- [Try it]: Using the data below, output the first line and every line after it up to and including the line containing "Call me Zoe", exactly as written and with nothing added.

(Caption-style text data)
<<<<
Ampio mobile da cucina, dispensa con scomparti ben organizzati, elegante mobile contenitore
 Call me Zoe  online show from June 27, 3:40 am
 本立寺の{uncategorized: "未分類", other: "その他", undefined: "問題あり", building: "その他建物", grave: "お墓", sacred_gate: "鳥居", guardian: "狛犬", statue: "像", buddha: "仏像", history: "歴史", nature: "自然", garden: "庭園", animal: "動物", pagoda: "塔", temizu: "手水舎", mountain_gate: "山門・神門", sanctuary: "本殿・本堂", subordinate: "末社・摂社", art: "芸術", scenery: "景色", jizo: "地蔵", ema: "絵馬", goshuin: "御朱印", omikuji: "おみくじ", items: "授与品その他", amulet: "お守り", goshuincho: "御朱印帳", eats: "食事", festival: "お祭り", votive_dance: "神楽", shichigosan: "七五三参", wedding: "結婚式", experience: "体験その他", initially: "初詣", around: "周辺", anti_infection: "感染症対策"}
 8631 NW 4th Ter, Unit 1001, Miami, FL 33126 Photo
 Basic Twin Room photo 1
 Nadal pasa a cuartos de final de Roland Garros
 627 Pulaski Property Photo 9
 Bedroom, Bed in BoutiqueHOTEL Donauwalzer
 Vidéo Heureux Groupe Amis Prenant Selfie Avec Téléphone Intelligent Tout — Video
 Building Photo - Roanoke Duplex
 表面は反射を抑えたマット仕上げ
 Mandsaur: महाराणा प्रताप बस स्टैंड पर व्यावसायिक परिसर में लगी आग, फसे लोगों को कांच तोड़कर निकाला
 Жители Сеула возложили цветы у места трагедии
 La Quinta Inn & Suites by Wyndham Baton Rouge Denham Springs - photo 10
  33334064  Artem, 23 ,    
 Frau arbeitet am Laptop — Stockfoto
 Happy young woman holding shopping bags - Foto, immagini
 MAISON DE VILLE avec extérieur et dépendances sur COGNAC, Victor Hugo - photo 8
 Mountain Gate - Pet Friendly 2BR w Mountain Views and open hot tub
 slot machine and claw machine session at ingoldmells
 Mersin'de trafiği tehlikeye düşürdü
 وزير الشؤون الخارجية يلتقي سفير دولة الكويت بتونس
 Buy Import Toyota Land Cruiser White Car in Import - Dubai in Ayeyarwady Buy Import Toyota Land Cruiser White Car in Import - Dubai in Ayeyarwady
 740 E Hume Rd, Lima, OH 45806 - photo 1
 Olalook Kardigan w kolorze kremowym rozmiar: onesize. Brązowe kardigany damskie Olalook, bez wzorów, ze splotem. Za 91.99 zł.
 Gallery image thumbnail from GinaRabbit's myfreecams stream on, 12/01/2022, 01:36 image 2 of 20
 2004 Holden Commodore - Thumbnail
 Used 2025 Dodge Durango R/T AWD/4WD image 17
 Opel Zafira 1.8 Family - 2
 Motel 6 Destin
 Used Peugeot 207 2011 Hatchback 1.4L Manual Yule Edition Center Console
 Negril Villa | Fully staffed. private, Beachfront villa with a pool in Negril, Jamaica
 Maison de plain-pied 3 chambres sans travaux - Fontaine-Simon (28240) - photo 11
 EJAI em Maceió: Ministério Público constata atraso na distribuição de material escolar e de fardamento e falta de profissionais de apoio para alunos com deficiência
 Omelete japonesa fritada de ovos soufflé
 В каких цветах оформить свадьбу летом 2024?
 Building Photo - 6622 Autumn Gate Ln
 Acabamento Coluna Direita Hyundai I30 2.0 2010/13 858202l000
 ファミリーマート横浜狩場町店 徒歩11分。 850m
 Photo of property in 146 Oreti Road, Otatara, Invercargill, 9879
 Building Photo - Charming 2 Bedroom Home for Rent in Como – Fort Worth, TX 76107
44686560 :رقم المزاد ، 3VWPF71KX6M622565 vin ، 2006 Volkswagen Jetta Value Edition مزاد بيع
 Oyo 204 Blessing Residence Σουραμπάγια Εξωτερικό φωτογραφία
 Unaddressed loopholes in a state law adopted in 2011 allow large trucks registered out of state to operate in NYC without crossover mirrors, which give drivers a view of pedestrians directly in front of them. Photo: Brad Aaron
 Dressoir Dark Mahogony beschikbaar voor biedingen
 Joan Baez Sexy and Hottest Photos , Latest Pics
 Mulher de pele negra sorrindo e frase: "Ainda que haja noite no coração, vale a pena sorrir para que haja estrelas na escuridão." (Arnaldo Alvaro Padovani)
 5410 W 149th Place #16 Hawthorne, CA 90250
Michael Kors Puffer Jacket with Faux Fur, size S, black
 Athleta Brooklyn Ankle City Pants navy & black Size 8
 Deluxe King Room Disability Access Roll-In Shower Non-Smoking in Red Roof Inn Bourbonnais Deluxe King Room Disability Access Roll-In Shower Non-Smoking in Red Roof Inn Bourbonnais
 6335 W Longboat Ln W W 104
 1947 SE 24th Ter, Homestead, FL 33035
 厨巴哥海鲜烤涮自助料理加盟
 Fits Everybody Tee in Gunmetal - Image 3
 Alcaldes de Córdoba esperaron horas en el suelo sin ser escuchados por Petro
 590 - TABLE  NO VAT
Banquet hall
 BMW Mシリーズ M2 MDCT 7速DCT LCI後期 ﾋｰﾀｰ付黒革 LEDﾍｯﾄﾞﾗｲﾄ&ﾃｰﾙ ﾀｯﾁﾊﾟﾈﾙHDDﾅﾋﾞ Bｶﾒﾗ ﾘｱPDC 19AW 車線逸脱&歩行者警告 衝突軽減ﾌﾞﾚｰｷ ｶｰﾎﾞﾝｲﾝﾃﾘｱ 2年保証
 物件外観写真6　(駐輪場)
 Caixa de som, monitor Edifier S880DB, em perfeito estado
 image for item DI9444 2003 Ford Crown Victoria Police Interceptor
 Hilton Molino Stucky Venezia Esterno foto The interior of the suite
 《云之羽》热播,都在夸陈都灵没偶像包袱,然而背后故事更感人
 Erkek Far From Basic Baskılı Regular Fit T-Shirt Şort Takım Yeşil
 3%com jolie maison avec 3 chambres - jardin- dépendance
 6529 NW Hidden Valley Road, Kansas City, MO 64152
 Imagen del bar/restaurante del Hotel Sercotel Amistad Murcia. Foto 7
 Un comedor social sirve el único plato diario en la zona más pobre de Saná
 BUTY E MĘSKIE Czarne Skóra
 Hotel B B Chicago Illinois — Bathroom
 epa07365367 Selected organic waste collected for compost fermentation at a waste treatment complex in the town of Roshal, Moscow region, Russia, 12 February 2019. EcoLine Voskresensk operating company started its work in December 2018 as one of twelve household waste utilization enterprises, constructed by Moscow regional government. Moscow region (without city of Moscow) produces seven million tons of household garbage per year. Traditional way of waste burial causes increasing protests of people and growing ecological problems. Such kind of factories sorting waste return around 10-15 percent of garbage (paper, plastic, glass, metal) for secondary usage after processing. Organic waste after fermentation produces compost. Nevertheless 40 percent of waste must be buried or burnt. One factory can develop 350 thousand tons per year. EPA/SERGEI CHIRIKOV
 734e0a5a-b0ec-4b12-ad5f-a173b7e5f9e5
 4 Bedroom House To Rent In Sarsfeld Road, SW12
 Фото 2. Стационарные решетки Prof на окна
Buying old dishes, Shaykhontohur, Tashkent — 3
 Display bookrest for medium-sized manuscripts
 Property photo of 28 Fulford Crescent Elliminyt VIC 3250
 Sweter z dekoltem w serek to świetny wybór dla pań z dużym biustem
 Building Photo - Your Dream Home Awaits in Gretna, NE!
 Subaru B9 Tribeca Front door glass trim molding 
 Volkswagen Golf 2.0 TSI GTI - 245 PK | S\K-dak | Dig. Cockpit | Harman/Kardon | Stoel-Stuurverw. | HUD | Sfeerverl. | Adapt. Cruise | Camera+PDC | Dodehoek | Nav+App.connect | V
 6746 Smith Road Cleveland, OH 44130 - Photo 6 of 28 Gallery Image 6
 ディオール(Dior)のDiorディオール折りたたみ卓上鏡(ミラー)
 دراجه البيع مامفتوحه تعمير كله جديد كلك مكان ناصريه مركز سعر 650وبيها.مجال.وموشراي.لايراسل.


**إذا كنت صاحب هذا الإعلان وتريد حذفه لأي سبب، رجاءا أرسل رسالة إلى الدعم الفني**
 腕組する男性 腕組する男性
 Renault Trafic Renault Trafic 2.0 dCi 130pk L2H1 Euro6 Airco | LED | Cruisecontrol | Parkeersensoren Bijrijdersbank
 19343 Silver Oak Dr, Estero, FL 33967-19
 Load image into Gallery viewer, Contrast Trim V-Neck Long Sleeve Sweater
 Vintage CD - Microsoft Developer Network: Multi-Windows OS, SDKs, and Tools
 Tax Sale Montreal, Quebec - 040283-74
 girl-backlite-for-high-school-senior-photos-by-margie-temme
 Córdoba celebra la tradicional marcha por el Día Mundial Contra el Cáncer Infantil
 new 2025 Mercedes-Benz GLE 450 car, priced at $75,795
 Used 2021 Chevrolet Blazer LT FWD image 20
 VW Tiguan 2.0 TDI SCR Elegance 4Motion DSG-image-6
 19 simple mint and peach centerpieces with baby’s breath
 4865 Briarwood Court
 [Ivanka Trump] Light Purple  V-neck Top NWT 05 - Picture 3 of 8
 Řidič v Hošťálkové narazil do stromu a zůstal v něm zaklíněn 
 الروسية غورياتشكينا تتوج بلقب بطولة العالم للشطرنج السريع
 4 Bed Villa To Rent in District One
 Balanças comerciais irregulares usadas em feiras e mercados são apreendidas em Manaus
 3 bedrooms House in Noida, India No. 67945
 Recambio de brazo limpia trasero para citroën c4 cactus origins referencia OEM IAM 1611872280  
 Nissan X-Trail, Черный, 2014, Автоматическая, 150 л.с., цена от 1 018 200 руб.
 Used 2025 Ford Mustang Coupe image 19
>>>>
- [Task answer]:
Ampio mobile da cucina, dispensa con scomparti ben organizzati, elegante mobile contenitore
 Call me Zoe  online show from June 27, 3:40 am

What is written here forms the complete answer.